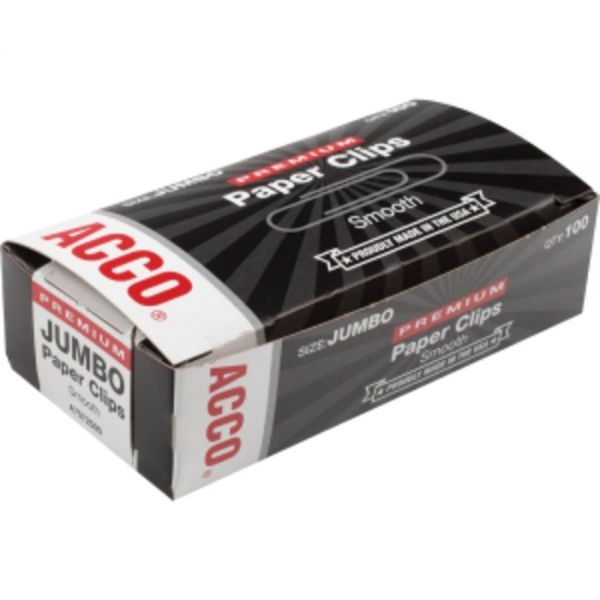 Acco Premium Paper Clips, 1000 Total, Jumbo, Silver, 100 Per Box, Pack Of 10 Boxes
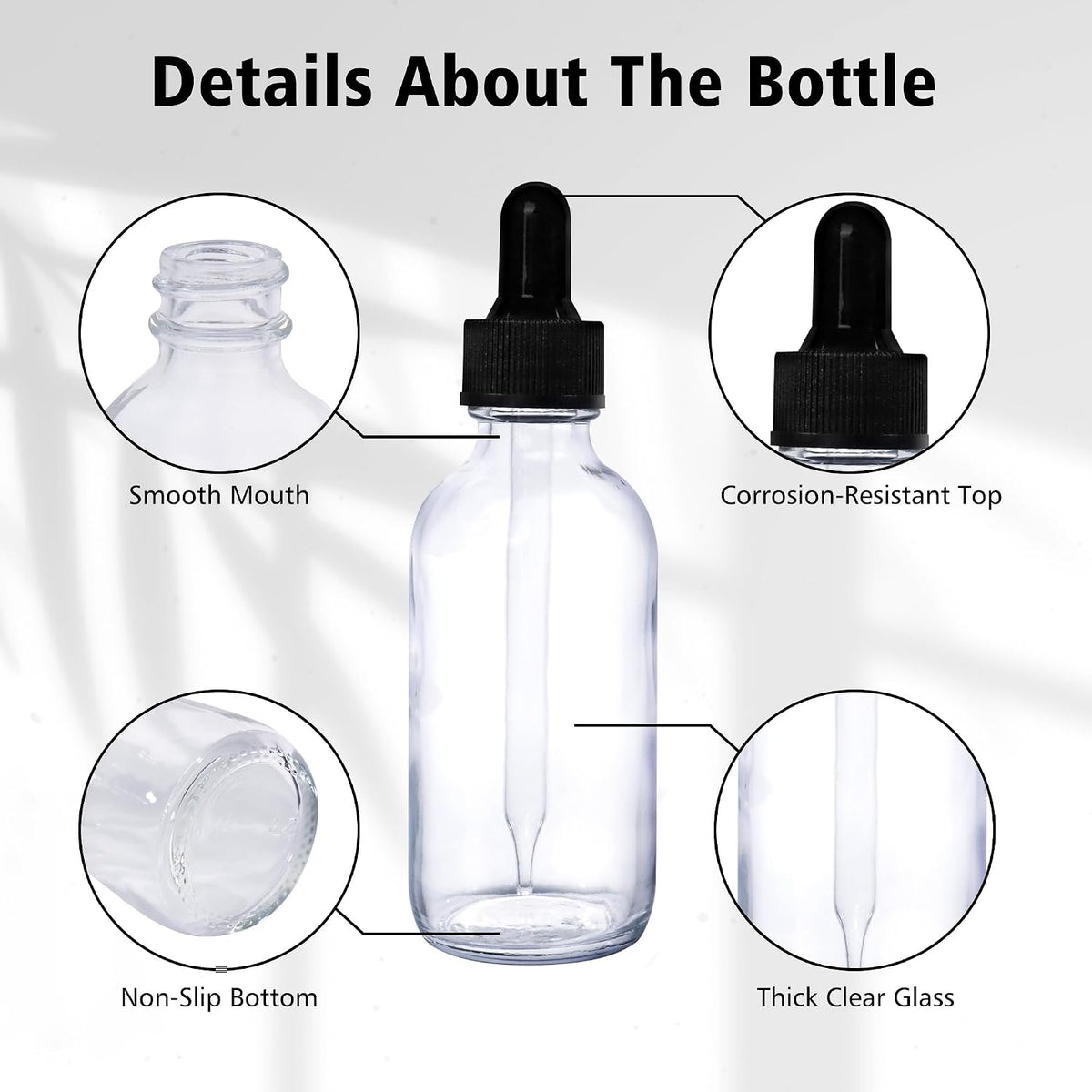 48 Pack 2oz Clear Glass Bottles with Glass Eye Droppers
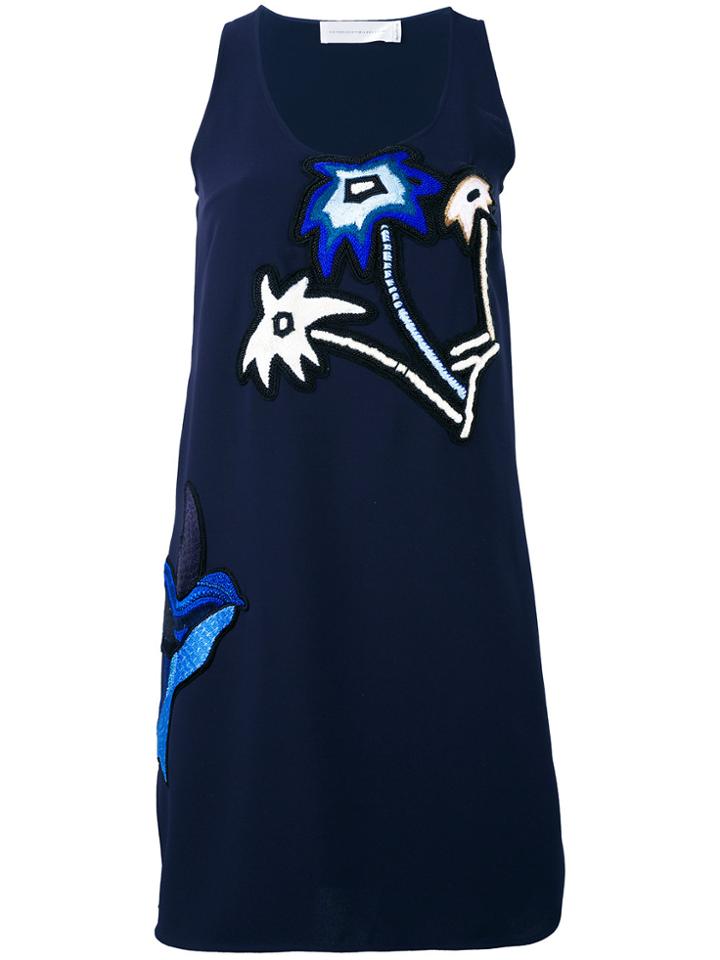 Victoria Victoria Beckham Floral Embroidery Dress - Blue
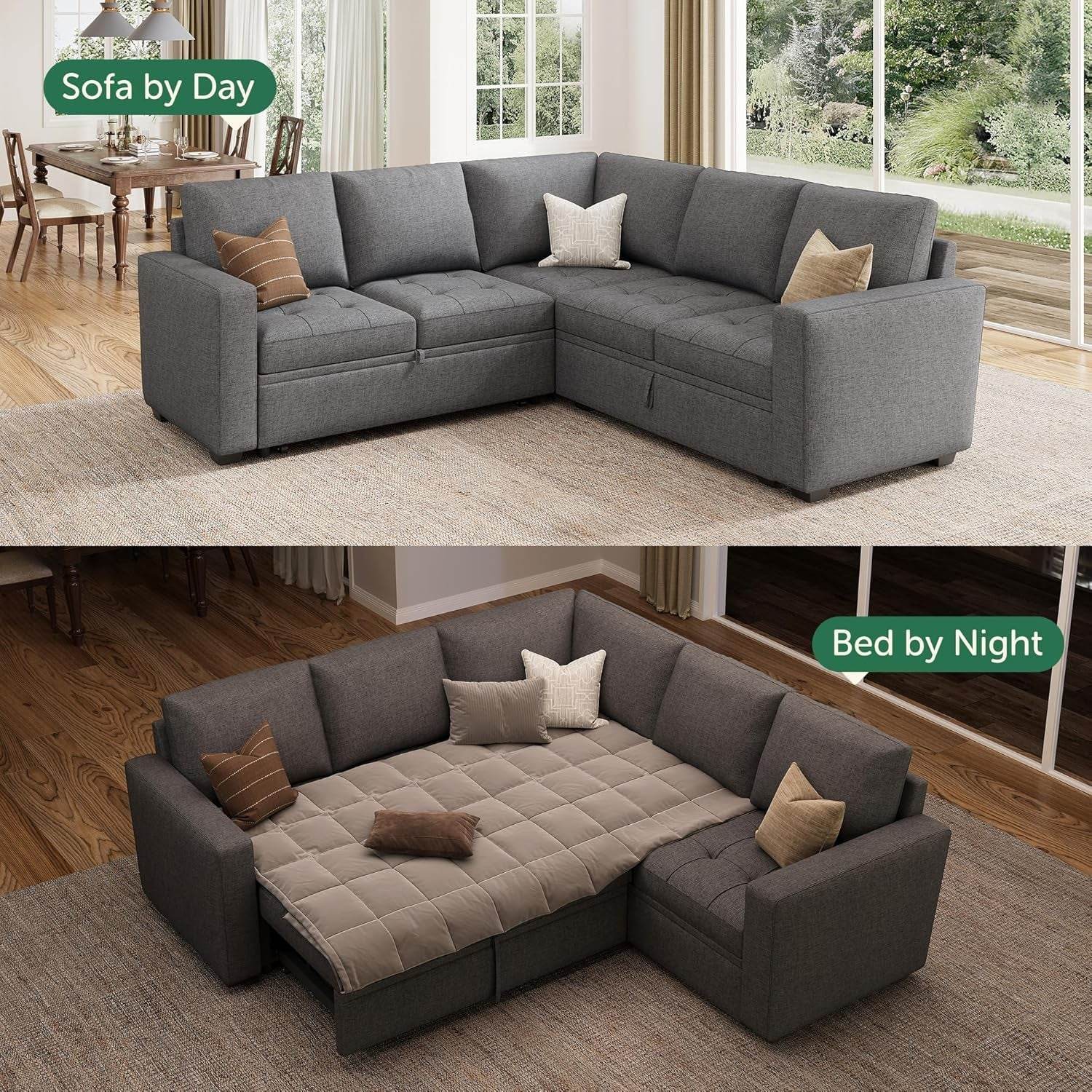Modular Sectional Sleeper Sofa with Hidden Storage Features - Loft&Timber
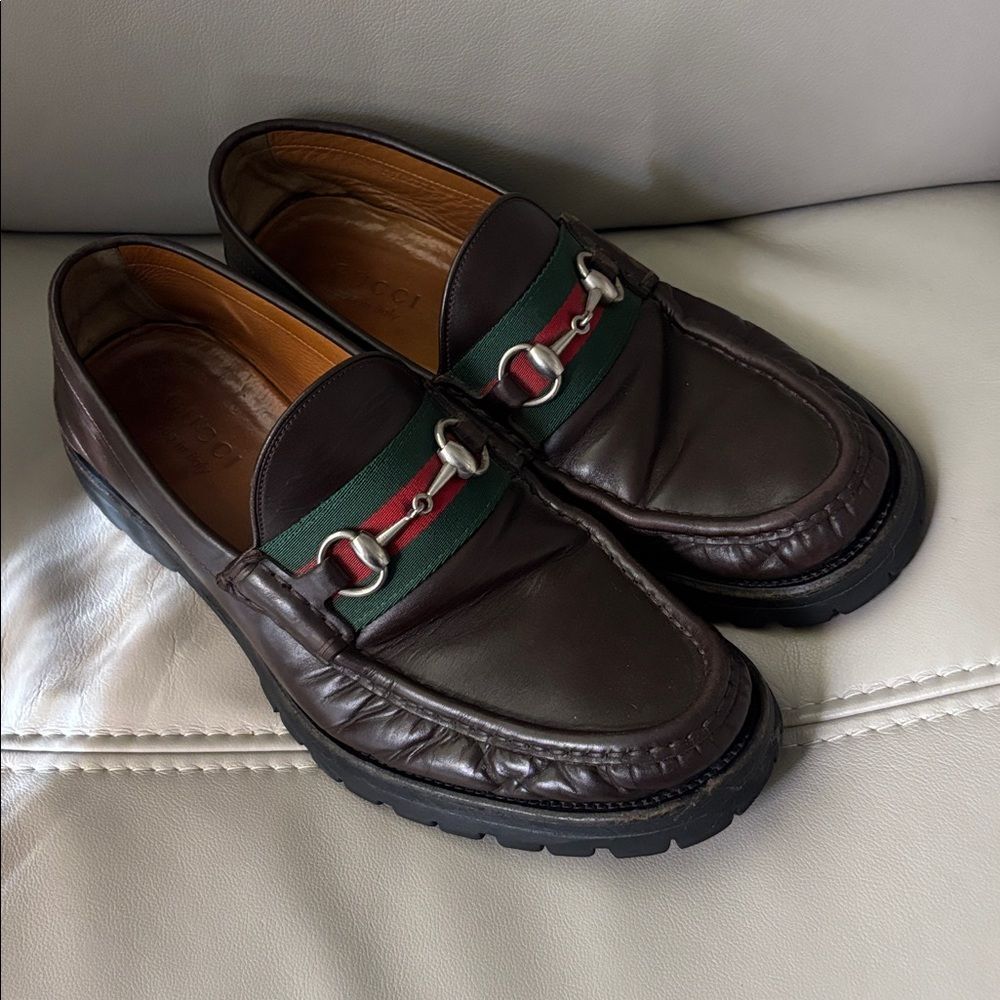 GUCCI - WEB HORSE-BIT LOAFERS BROWN ICONIC STYLE - sz 9 1/2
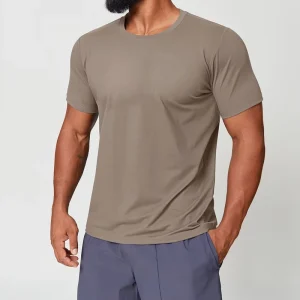 Men’s Round Neck Solid Skin Friendly Quick Drying Sports Short Sleeve Commuter Hiking Basketball Tennis T Shirt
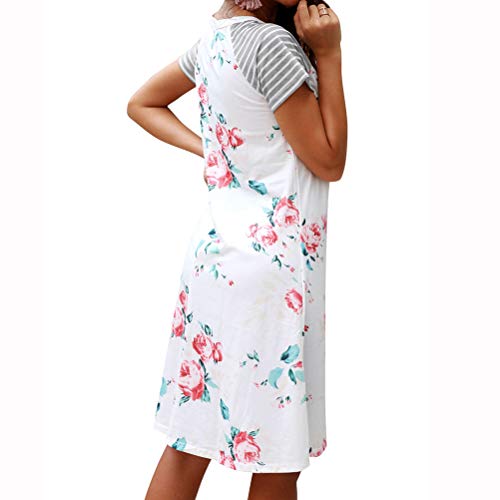 Women Striped Short Sleeve Round Neck Floral Printed A-line Midi Dress White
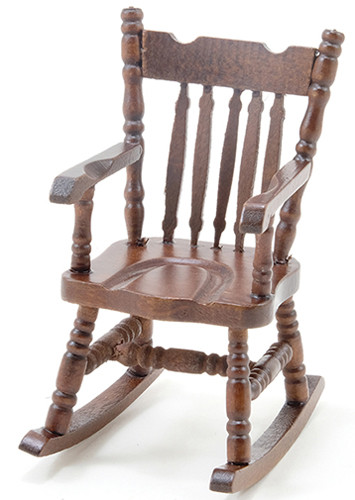 CLASSICS - 1 Inch Scale Dollhouse Miniature ROCKING CHAIR WALNUT (05321) 731851053210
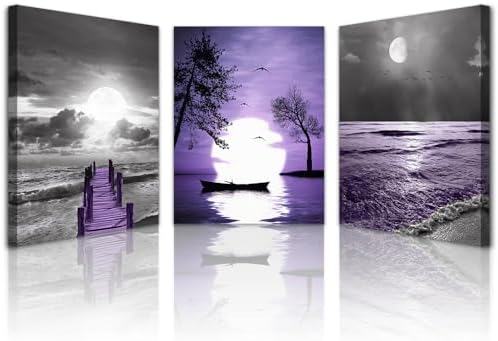 Lapremoly Black And White Purple Ocean Landscape Large Wall Decor by Lapremoly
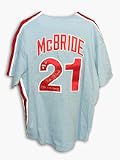 Bake McBride Autographed Philadelphia Phillies Throwback Blue Majestic Baseball Jersey Inscribed wi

■ Required work
Only the lines from the line that contains "Lapremoly Black And" through the end of the entries are to be written out, exactly and without pictures, both ends included.

■ Result of this task
 Lapremoly Black And White Purple Ocean Landscape Large Wall Decor by Lapremoly
 Bake McBride Autographed Philadelphia Phillies Throwback Blue Majestic Baseball Jersey Inscribed wi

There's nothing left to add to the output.